(Collected data)

----

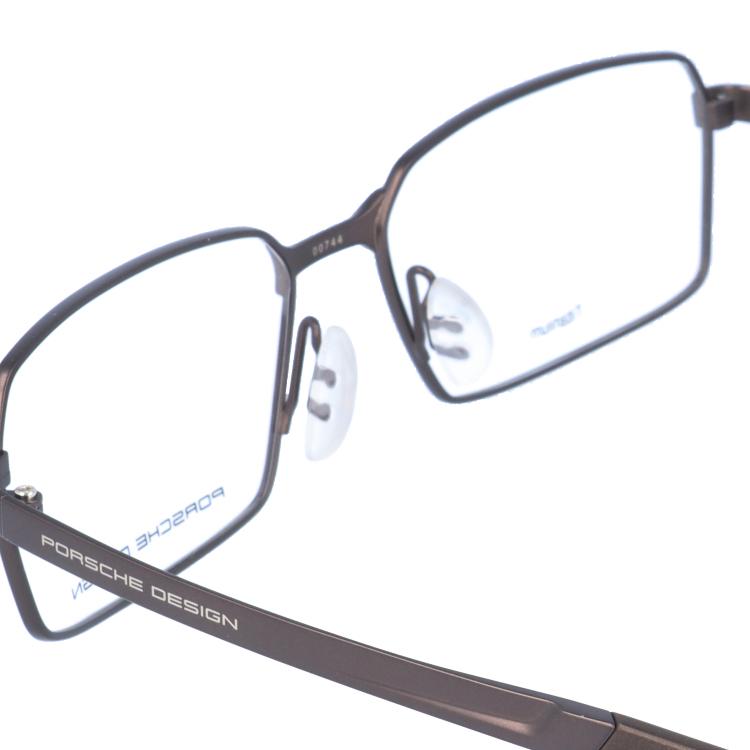 ポルシェ デザイン メガネ フレーム 国内正規品 伊達メガネ 老眼鏡 度付き ブルーライトカット PORSCHE DESIGN P8724 B 56 眼鏡 めがね プレゼント ギフト_8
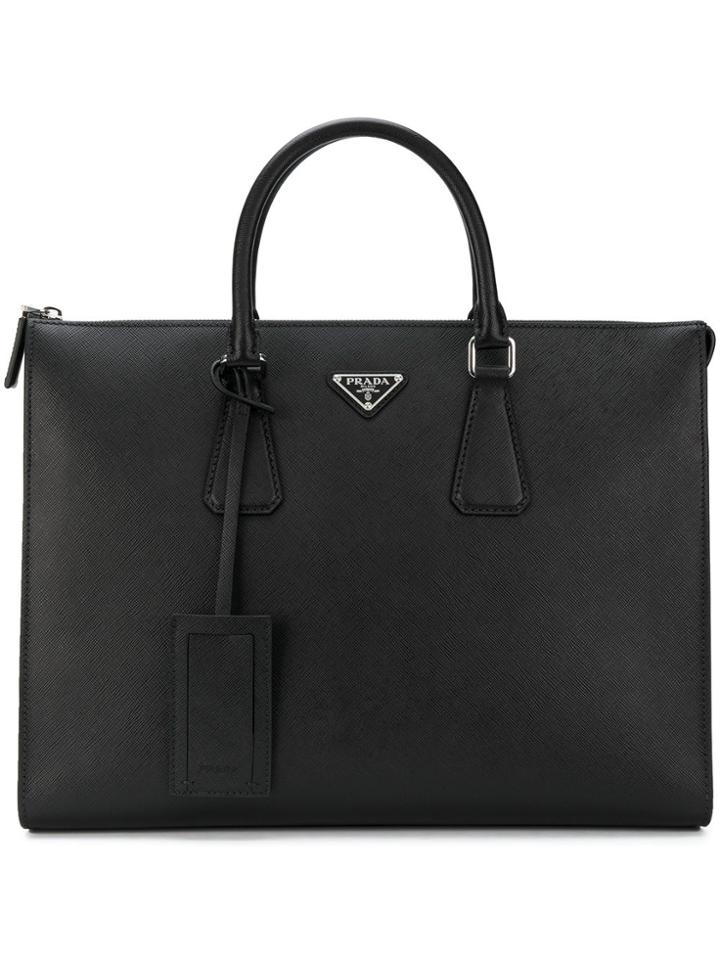 Prada Classic Tote - Black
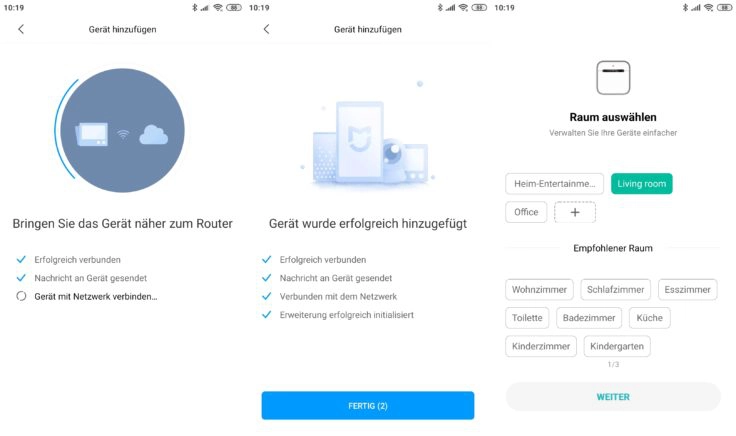 Xiaomi SWDK ZDG300 Wischroboter App Einbindung WLAN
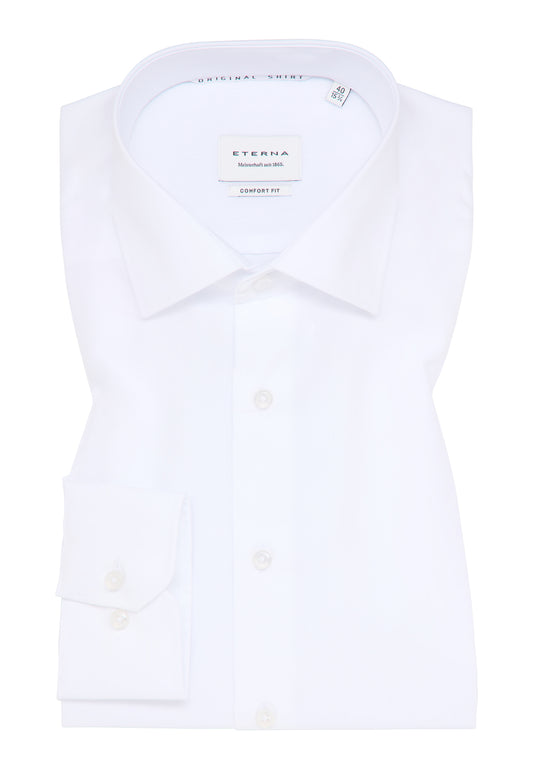 Original Shirt Popeline Langarm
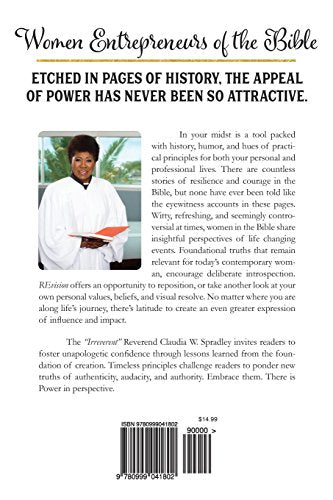 REvision: 2000 Year Old Principles that are Relevant for Women Entrepreneurs Today,Used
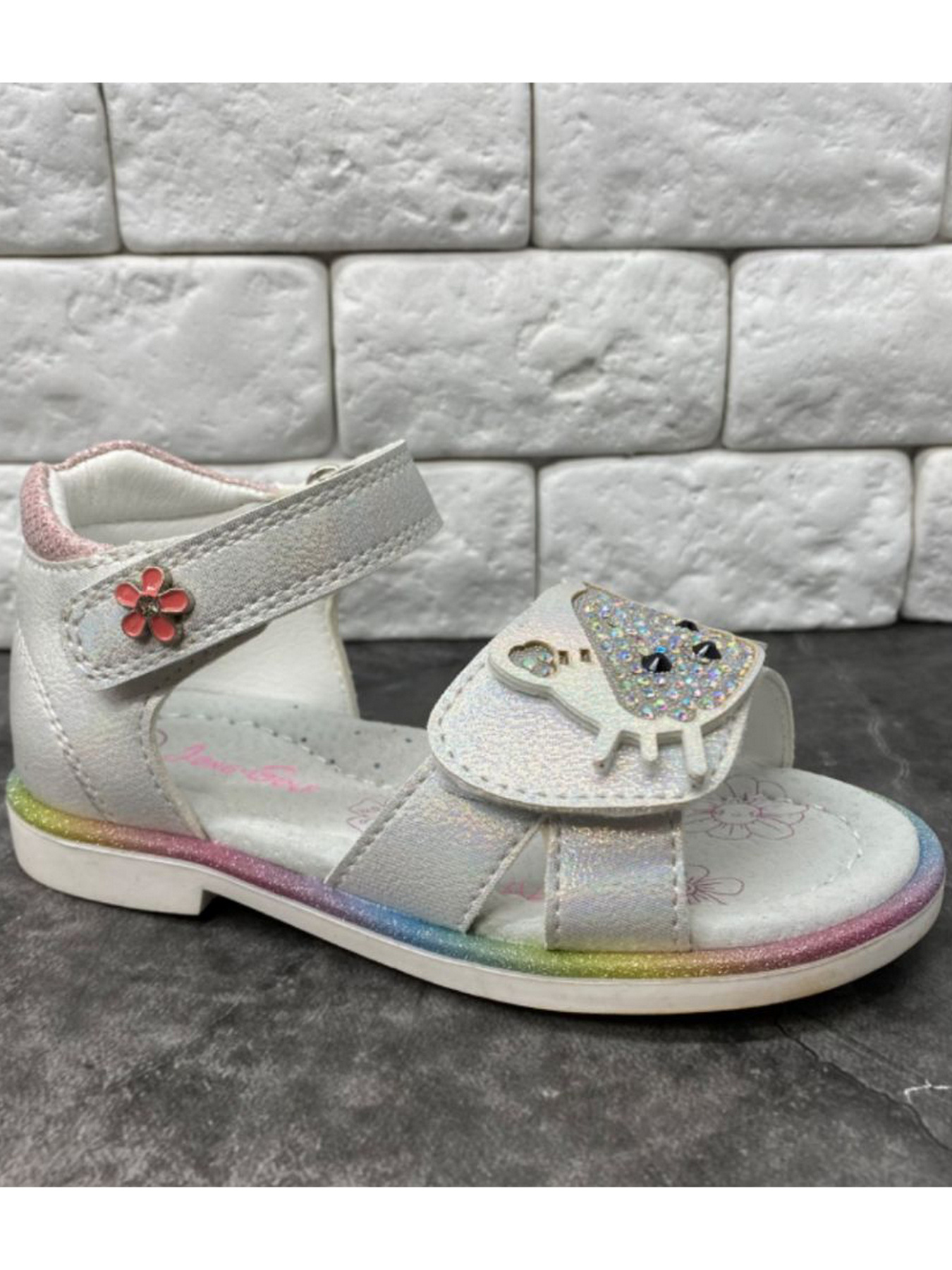 Сандалии JONG GOLF модель L20182-7 Фото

----

- **TASK ITEM**
Make an exact copy of every record, pictures excluded.

- **EXERCISE ANSWER**
 ポルシェ デザイン メガネ フレーム 国内正規品 伊達メガネ 老眼鏡 度付き ブルーライトカット PORSCHE DESIGN P8724 B 56 眼鏡 めがね プレゼント ギフト_8
 Prada Classic Tote - Black
 Xiaomi SWDK ZDG300 Wischroboter App Einbindung WLAN
 Original Shirt Popeline Langarm
 REvision: 2000 Year Old Principles that are Relevant for Women Entrepreneurs Today,Used
 Сандалии JONG GOLF модель L20182-7 Фото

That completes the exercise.